Marseille : une psychiatre condamnée pour son patient meurtrier

Danièle Canarelli - -
C‘est une première. Le tribunal correctionnel de Marseille a condamné mardi à un an de prison avec sursis une psychiatre poursuivie pour homicide involontaire après le meurtre commis par l'un de ses patients schizophrène. Le 13 novembre, lors d'un procès inédit très suivi par la profession, le procureur avait requis cette peine contre Danièle Canarelli, 58 ans, médecin à l'hôpital marseillais Edouard-Toulouse.« On a un médecin confronté à une énigme qui ne pose pas de diagnostic », a affirmé le président du tribunal, Fabrice Castoldi, à la lecture du délibéré. « Elle est à l'origine de l'errance du patient, de la fuite de l'établissement puis du passage à l'acte qui a conduit à l'assassinat ».
A l'audience, la psychiatre avait reconnu avoir été confrontée à un « problème de diagnostic », mais nié toute négligence dans le suivi de Joël Gaillard, de son hospitalisation en 2000 à sa fugue en 2004, vingt jours avant qu'il tue à Gap, à coups de hachette, le compagnon octogénaire de sa grand-mère, Germain Trabuc. Un meurtre pour lequel ce patient de 43 ans, atteint d'une psychose schizophrénique à forme « paranoïde », a été jugé irresponsable pénalement.
« Des fautes multiples et caractérisées »
Après ce non-lieu, Michel Trabuc, un des fils de la victime, avait engagé une action contre l'Etat et contre l'hôpital, condamné en 2009 pour défaut de surveillance. Il avait également porté plainte contre tous ceux qui avaient pu faire preuve de négligence.

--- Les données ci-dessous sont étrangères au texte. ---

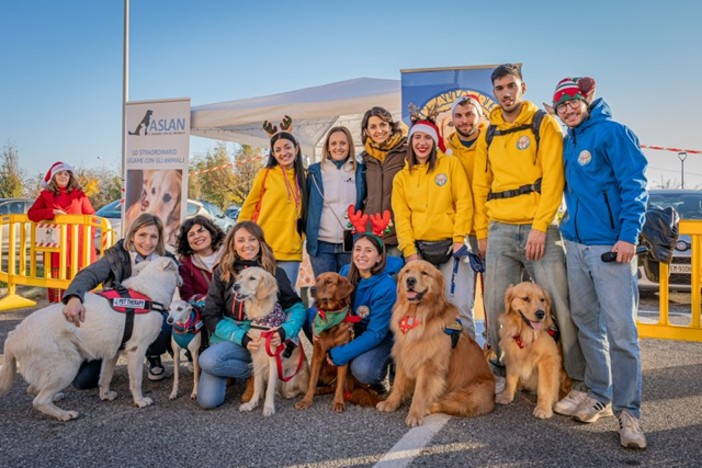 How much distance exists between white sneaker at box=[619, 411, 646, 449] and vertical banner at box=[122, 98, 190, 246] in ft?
19.3

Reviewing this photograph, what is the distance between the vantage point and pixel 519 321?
3.54 meters

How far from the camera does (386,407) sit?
354 cm

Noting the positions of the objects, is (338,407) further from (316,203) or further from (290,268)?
(316,203)

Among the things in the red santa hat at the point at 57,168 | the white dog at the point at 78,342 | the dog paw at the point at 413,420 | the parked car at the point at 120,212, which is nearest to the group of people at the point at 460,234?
the white dog at the point at 78,342

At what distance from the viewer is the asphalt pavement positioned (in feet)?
9.11

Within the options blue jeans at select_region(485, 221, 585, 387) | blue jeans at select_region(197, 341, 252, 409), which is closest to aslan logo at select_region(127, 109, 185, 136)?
blue jeans at select_region(197, 341, 252, 409)

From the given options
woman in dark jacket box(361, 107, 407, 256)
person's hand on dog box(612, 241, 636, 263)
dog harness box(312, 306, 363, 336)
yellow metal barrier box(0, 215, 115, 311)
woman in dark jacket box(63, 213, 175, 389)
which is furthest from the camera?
yellow metal barrier box(0, 215, 115, 311)

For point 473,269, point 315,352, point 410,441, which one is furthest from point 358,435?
point 473,269

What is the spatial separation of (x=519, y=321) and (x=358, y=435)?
4.44 feet

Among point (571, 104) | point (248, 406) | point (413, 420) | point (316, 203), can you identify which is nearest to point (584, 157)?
point (571, 104)

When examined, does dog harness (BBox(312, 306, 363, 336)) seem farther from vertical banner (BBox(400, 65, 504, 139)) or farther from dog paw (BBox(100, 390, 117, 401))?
vertical banner (BBox(400, 65, 504, 139))

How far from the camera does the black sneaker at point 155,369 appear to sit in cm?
434

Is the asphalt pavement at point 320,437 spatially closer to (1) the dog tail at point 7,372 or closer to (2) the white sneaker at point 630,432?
(2) the white sneaker at point 630,432

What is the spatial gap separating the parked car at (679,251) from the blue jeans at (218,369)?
448cm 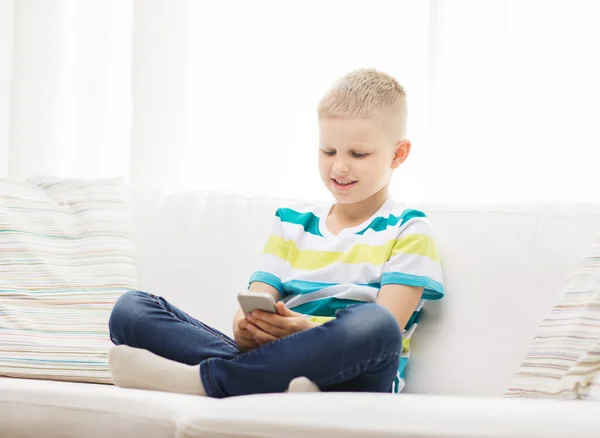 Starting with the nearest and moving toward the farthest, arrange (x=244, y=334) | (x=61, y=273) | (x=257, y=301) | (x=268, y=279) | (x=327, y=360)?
(x=327, y=360) < (x=257, y=301) < (x=244, y=334) < (x=268, y=279) < (x=61, y=273)

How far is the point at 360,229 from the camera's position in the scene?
1.69 metres

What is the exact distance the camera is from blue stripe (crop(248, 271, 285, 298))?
5.55 feet

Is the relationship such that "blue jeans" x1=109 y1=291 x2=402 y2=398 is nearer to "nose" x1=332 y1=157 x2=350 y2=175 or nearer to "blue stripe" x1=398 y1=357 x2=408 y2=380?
"blue stripe" x1=398 y1=357 x2=408 y2=380

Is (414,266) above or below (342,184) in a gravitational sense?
below

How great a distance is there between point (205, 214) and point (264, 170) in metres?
0.76

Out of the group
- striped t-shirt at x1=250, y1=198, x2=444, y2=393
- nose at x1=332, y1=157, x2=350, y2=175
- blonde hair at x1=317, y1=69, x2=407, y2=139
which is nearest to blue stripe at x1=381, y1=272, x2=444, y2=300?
striped t-shirt at x1=250, y1=198, x2=444, y2=393

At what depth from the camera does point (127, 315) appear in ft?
4.91

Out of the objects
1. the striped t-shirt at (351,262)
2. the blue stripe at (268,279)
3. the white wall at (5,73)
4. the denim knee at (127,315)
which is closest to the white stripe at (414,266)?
the striped t-shirt at (351,262)

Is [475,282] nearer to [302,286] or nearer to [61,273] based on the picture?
[302,286]

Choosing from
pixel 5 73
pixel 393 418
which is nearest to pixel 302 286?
pixel 393 418

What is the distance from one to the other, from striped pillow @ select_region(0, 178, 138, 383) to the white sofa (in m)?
0.08

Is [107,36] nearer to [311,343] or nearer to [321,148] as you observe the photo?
[321,148]

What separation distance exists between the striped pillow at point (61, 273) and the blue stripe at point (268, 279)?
351mm

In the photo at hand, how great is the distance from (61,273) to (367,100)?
792 mm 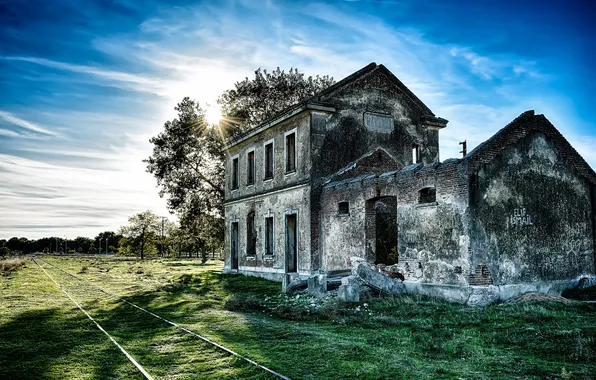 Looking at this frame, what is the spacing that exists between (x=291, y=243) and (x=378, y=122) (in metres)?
6.18

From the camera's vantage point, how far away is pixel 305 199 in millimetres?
19016

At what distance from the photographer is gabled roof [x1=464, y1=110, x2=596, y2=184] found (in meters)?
12.4

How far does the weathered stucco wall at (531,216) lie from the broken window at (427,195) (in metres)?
1.43

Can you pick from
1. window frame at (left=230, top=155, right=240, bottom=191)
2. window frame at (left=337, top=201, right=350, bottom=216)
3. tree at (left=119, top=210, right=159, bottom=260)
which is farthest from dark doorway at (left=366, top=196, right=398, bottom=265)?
tree at (left=119, top=210, right=159, bottom=260)

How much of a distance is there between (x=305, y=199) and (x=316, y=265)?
2560 millimetres

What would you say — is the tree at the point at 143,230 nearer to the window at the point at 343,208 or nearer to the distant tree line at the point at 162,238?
the distant tree line at the point at 162,238

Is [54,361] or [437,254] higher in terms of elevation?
[437,254]

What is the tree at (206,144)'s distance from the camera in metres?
33.9

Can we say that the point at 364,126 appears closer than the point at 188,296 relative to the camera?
No

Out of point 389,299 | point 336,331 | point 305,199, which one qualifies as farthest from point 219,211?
point 336,331

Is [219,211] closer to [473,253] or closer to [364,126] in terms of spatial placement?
[364,126]

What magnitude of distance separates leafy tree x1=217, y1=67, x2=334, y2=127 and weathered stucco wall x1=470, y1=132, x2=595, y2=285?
70.0 ft

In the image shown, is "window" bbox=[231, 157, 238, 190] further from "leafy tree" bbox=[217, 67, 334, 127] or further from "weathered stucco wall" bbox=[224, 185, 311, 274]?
"leafy tree" bbox=[217, 67, 334, 127]

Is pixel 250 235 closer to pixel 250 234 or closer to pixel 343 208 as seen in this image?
pixel 250 234
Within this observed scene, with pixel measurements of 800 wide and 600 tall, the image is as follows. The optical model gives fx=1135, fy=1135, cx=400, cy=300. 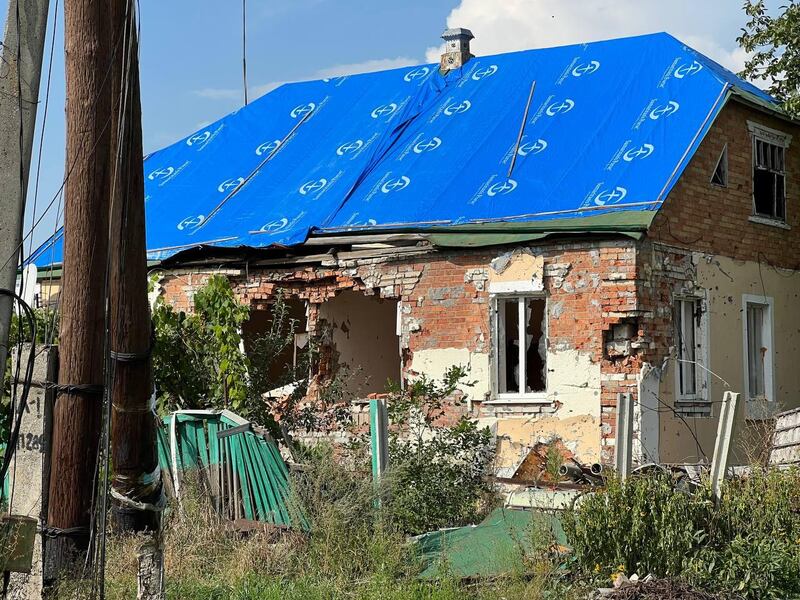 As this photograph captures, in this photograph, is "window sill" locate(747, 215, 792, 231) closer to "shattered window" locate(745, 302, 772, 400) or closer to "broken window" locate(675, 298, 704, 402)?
"shattered window" locate(745, 302, 772, 400)

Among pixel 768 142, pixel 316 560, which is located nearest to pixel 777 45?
pixel 768 142

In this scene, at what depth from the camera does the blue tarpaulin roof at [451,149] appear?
48.9 ft

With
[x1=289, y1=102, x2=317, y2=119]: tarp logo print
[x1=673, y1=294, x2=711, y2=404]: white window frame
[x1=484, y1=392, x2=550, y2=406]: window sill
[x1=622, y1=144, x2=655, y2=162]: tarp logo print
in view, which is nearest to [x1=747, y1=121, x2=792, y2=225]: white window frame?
[x1=673, y1=294, x2=711, y2=404]: white window frame

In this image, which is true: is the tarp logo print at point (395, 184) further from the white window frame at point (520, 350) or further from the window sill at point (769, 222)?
the window sill at point (769, 222)

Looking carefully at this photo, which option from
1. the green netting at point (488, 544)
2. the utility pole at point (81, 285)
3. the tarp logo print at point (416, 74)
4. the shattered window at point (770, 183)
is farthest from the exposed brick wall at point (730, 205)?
the utility pole at point (81, 285)

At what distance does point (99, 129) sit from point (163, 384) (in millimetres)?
5006

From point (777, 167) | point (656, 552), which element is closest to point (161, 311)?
point (656, 552)

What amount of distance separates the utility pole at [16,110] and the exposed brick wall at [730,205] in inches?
360

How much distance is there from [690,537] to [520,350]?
6475 mm

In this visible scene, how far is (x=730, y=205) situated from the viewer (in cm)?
1590

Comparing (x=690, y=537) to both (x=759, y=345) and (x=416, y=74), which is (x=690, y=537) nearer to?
(x=759, y=345)

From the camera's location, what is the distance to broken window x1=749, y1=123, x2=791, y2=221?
16750 mm

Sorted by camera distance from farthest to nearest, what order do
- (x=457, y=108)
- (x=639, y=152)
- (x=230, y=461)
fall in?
1. (x=457, y=108)
2. (x=639, y=152)
3. (x=230, y=461)

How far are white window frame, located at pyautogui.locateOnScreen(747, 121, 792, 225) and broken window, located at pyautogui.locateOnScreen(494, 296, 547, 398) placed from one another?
3738 mm
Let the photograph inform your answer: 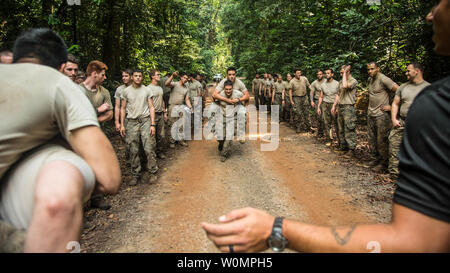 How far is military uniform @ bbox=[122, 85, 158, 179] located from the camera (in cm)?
639

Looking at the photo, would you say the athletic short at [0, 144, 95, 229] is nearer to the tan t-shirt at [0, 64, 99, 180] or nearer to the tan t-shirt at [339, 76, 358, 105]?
the tan t-shirt at [0, 64, 99, 180]

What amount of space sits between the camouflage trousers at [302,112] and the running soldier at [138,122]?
6942 millimetres

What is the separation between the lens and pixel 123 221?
453cm

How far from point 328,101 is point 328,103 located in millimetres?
77

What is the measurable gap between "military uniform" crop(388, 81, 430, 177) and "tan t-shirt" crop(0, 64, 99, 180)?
5.61 metres

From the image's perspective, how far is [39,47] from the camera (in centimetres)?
146

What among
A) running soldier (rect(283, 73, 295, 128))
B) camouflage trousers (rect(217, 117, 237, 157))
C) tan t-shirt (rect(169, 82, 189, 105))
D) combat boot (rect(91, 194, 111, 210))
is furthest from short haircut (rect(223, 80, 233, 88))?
running soldier (rect(283, 73, 295, 128))

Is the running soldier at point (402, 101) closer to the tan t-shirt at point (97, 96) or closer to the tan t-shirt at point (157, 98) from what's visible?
the tan t-shirt at point (97, 96)

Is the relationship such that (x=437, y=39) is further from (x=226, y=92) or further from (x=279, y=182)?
(x=226, y=92)

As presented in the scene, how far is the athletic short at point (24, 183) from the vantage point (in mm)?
1164

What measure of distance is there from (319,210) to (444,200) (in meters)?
4.10

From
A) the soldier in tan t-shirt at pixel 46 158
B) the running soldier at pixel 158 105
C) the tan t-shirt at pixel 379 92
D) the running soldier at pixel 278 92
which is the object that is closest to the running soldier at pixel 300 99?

Dans son ordonnance de renvoi, la juge d'instruction avait souligné « des fautes multiples et caractérisées » de la psychiatre ayant « contribué au passage à l'acte violent de Joël Gaillard », qui avait commis avant le drame plusieurs agressions, dont une tentative d'assassinat.
Il lui était notamment reproché de s'être obstinée « dans ses certificats successifs, à noter l'absence de toute pathologie mentale », « en dépit des conclusions » concordantes de ses confrères. Ce qui l'a finalement « conduite à ne pas soumettre son malade à un traitement approprié » et à lui accorder fin 2003 une sortie à l'essai de longue durée.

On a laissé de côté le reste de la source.